I don’t know much but I know that I am not in love. It makes me feel somewhat lost. It makes me feel somewhat inspired. At times it feels it’s by chance. At times it feels it’s by choice.

Should I be ashamed by such a statement? Should I be looking for someone to love? I don’t know.

As many other endeavors, I don’t know. But I do know that of all the things I currently do not know much about, this is the one I know the least of. This is that one thing that I have to stop myself from writing constantly about. I think it is a combination of nature and nurture.

I am well aware of its nature and how we are born with some sort of innate right to be loved. But I do feel influenced at times. I feel influenced by all this mass media that is trying to run me over. I feel as though I should either want it or die. I don’t want to die. I want to live. I want to live with or without you. I want to be happy with or without you.

On nights like tonight I want not to want you. I want not to wonder. I only crave that which is and could be but not that which isn’t.

We should question everything. We should want not only what we think we want but also what we should want. Control isn’t ideal but it is useful. I want to stay true to myself and yet know the difference between what is real and unreal. You are real but wanting to control your timing seems unreal and selfish.

I am here and I am not in love. Sometimes I can cope and sometimes I feel as though I am the lead character in the opera of my life and that my heart cannot seem to beat without you. Fascinating opposites seduce me as usual.

But tonight I am not in love and it pains me yet it frees me. What this all means still intrigues me and I will continue to search and witness its attraction for as long as I shall live. It will and can come but until it does, I will wonder and I will be intrigued by its mystery and absence; by its passion and constraint.

It is puzzled and it shall make sense somehow; even if it kills me, even if it rains.

I live here

I live in a cloud. Unaware of what is happening underneath, I float. Only those who cannot stand seeing me utterly unaware of what is happening on the ground, try to bring me down. I do unfortunately understand why they can’t stand me. After very hard work and having much to show for themselves, they feel entitled to impose what they have on others.

Some cannot stand your decisions, others your happiness. I can’t stand them not standing me. I can honestly claim an honest intent not to tell others what decisions to make.
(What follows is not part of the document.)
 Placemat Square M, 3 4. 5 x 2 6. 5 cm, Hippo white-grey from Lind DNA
Maybe my lack of ability to decide anything for sure is what has made me empathetic towards those decision makers. I do have an idea of what is a bit better than worse but I have no right to know better.
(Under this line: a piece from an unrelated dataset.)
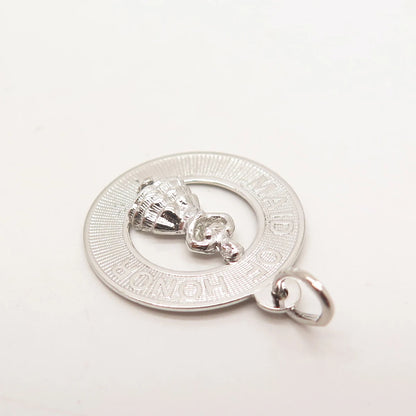 925 Sterling Silver Vintage "Maid of Honor" Wedding Pendant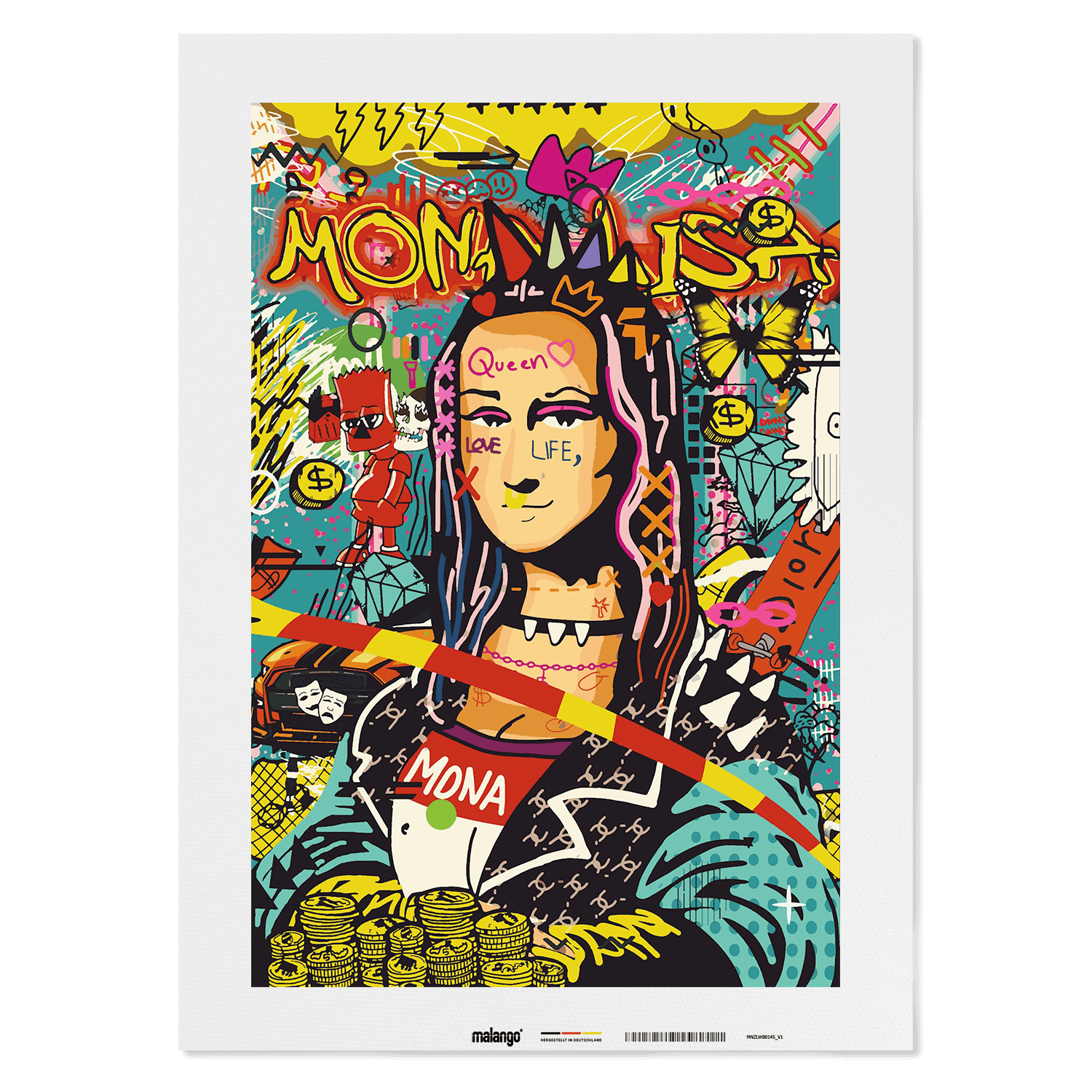 Malen nach Zahlen - Mona Lisa Pop Art - Hifza - Limited Edition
I know how illogical my life can be; I don’t always understand it either. Because I live in the clouds, everything I own comes and goes; it never really stays. The pretty flowered dress floated to some other cloud for the day and I can’t force it to stay. It inevitably finds its way home. So when the claimer asks what I have to show for myself, I don’t really have much concrete to show, it’s abstract. I can describe it though.
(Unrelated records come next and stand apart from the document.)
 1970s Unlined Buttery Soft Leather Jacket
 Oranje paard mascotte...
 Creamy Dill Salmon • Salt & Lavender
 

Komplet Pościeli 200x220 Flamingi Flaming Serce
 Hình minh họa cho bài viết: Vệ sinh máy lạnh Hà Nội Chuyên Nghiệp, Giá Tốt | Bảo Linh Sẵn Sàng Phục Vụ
I know how much more I could have done but I haven’t. All I can do is what I’m doing. All I have is what I have. I do believe in learning and trying hard but I don’t believe in regret, not anymore. I used to regret a lot of what I had become only to find how pointless it is.

I do not know much about a lot but I do know that I live here and my mind has tried to grasp as much as it wants. I intend to try and wish to have the will to do what is right for this path of mine. I want a good life, one full of flowers and to be and inspiration to others. I know how flawed I can be but that has also made me human. I want to smile at life knowing I’ve taken from it as much as it has been able to give me.

I live here and I might not have everything you want to see but I have a soul that has some words to share and pretty things to admire whenever they decide to migrate back from cloud 9.

I hope to create and always live in a state of bliss. I hope to have many visits from lovely angels and never be foolish enough to put my feet on the ground; the clouds are more entertaining and bouncy. The people up here are constantly smiling.

I am here and I live happy. I live here and I am happy. I think that’s more than I can say for a lot of other souls, especially those not built to float.